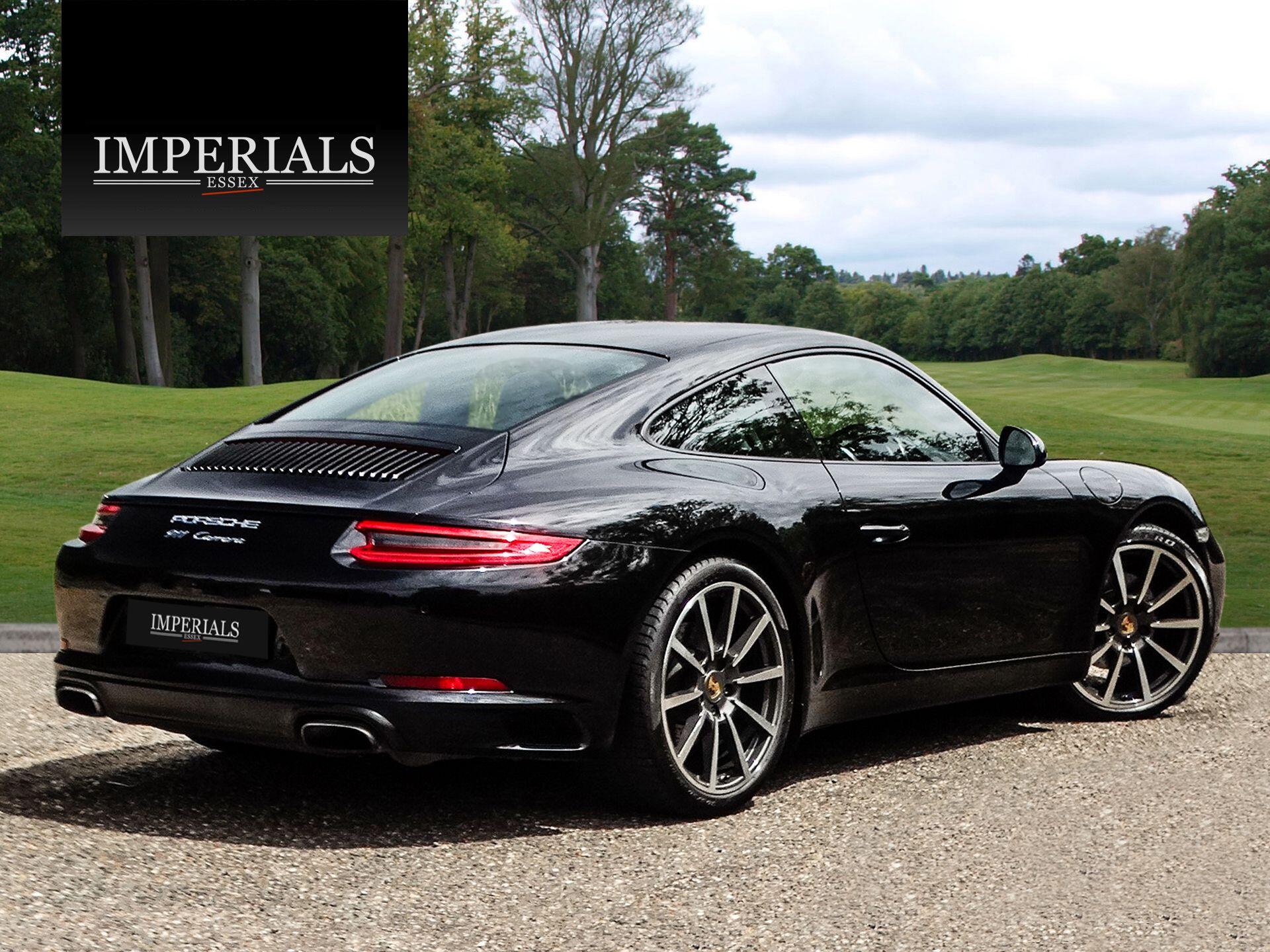 Porsche 911 view 4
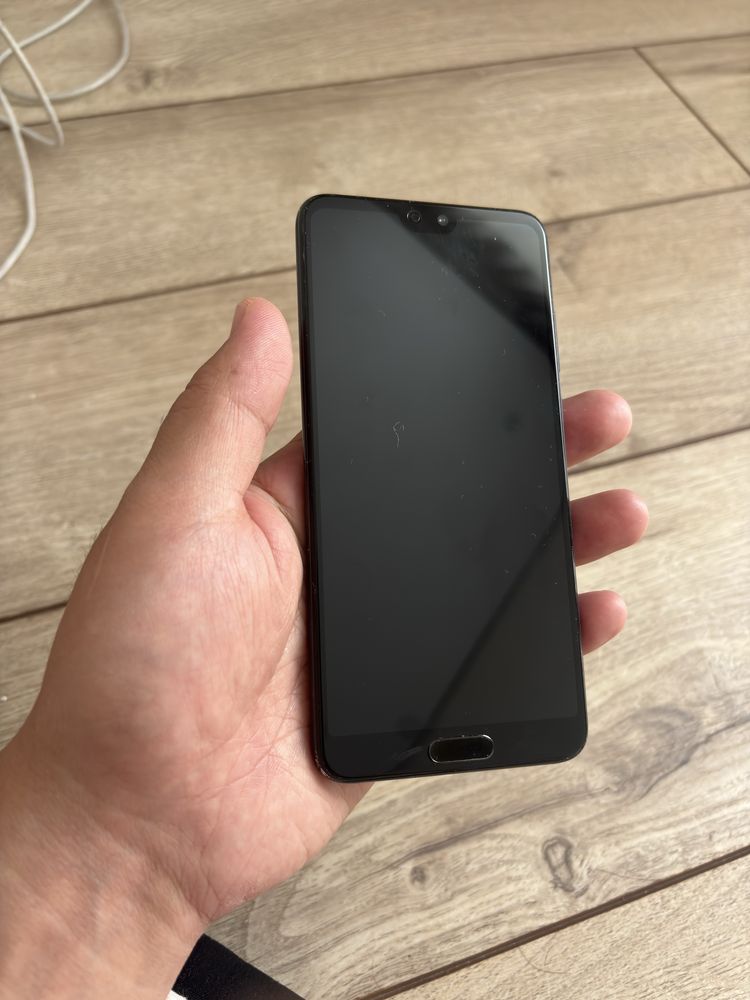 Телефон Huawei P20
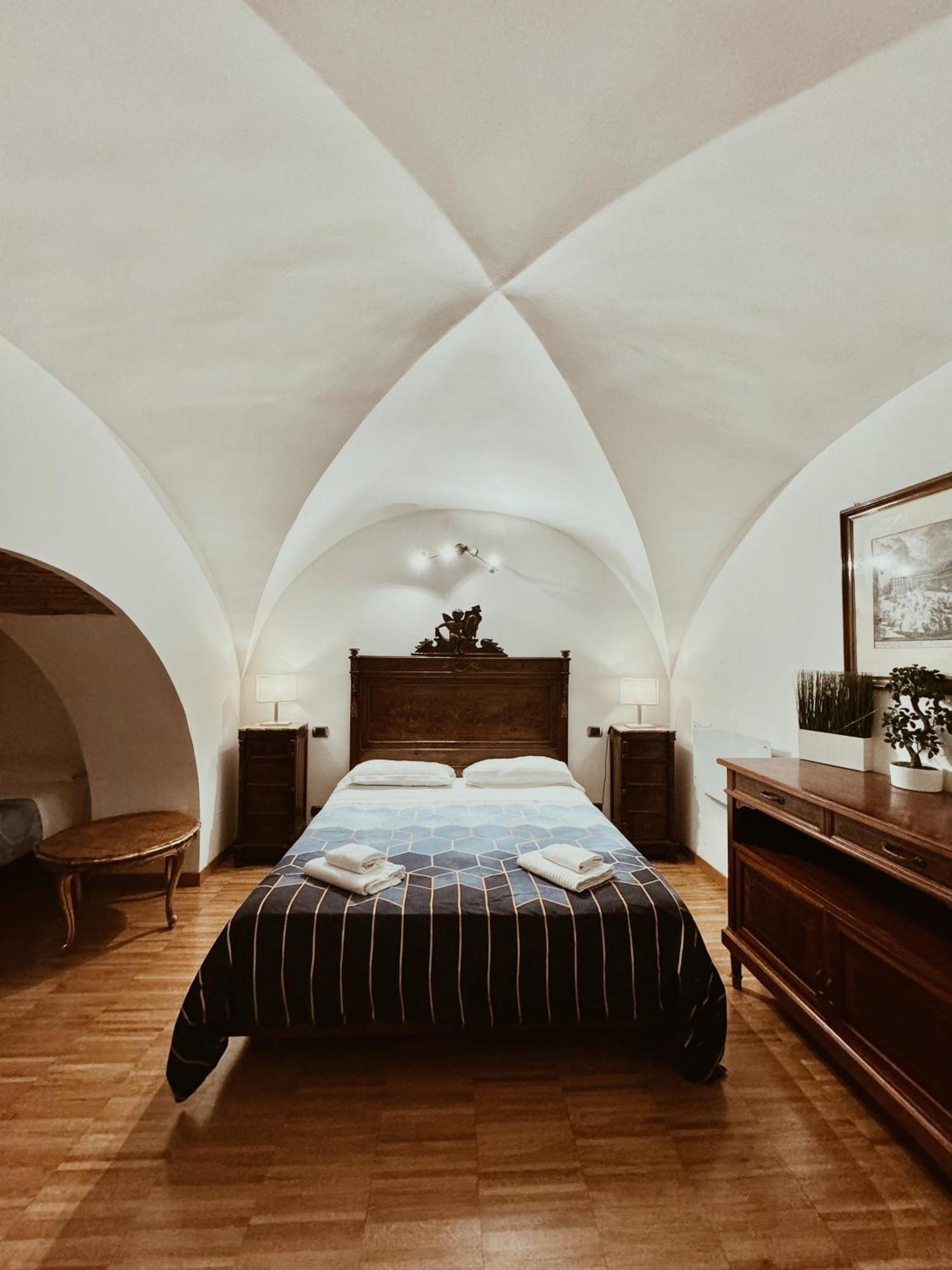 Residenza Tritone Luxury Guest House Trevi Fountain Rom Eksteriør billede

________________

_WHAT THE TASK REQUIRES_
From the listing, extract all text exactly as given and drop any picture.

_EXERCISE SOLUTION_
 Porsche 911 view 4
 Телефон Huawei P20
 Residenza Tritone Luxury Guest House Trevi Fountain Rom Eksteriør billede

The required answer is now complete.